**YOUR OBJECTIVE**. Lines holding the string "Students" in the listing below are to be copied.
*** Begin section ***
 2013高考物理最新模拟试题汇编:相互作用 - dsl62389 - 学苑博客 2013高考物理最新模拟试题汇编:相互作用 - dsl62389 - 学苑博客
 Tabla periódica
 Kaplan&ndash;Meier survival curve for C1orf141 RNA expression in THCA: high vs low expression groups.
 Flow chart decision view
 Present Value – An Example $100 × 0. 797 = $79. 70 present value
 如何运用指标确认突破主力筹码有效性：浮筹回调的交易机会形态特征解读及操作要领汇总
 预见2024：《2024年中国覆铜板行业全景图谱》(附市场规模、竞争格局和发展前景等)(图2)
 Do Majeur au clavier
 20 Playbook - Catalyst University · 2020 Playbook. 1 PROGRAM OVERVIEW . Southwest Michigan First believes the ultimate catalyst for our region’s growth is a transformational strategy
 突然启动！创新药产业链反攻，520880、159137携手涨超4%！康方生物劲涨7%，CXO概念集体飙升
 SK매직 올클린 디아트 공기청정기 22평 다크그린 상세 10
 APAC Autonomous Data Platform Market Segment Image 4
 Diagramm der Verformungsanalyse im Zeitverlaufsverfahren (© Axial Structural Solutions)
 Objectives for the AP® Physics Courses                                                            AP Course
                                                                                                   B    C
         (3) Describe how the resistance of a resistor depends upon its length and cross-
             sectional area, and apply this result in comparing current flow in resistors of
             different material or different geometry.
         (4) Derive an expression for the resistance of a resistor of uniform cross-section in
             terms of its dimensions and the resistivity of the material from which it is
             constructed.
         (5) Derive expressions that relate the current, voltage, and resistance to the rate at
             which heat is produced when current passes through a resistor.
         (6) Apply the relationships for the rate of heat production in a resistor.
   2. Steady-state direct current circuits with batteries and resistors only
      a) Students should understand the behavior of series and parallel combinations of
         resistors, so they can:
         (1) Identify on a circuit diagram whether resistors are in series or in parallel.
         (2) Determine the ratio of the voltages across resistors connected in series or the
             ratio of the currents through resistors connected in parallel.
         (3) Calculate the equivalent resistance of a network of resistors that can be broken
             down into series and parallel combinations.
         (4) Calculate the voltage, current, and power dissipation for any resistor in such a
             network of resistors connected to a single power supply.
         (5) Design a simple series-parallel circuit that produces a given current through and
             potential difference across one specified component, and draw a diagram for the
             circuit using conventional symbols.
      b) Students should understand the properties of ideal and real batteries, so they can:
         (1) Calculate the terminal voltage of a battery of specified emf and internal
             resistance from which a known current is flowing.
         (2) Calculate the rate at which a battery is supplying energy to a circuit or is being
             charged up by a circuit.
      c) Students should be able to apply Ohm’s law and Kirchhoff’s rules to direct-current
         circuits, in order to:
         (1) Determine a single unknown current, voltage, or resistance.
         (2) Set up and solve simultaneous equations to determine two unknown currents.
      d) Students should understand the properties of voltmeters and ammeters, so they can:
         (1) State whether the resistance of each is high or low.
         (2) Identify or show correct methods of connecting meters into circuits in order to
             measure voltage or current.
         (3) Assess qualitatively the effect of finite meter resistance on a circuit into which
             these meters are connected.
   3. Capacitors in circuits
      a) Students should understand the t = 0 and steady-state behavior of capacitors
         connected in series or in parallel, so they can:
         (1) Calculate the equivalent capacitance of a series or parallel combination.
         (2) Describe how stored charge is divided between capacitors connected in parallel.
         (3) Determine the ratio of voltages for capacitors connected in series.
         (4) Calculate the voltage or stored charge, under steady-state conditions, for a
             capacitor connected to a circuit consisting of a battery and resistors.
*** End section ***
**ANSWER SECTION**.
      a) Students should understand the behavior of series and parallel combinations of
      b) Students should understand the properties of ideal and real batteries, so they can:
      c) Students should be able to apply Ohm’s law and Kirchhoff’s rules to direct-current
      d) Students should understand the properties of voltmeters and ammeters, so they can:
      a) Students should understand the t = 0 and steady-state behavior of capacitors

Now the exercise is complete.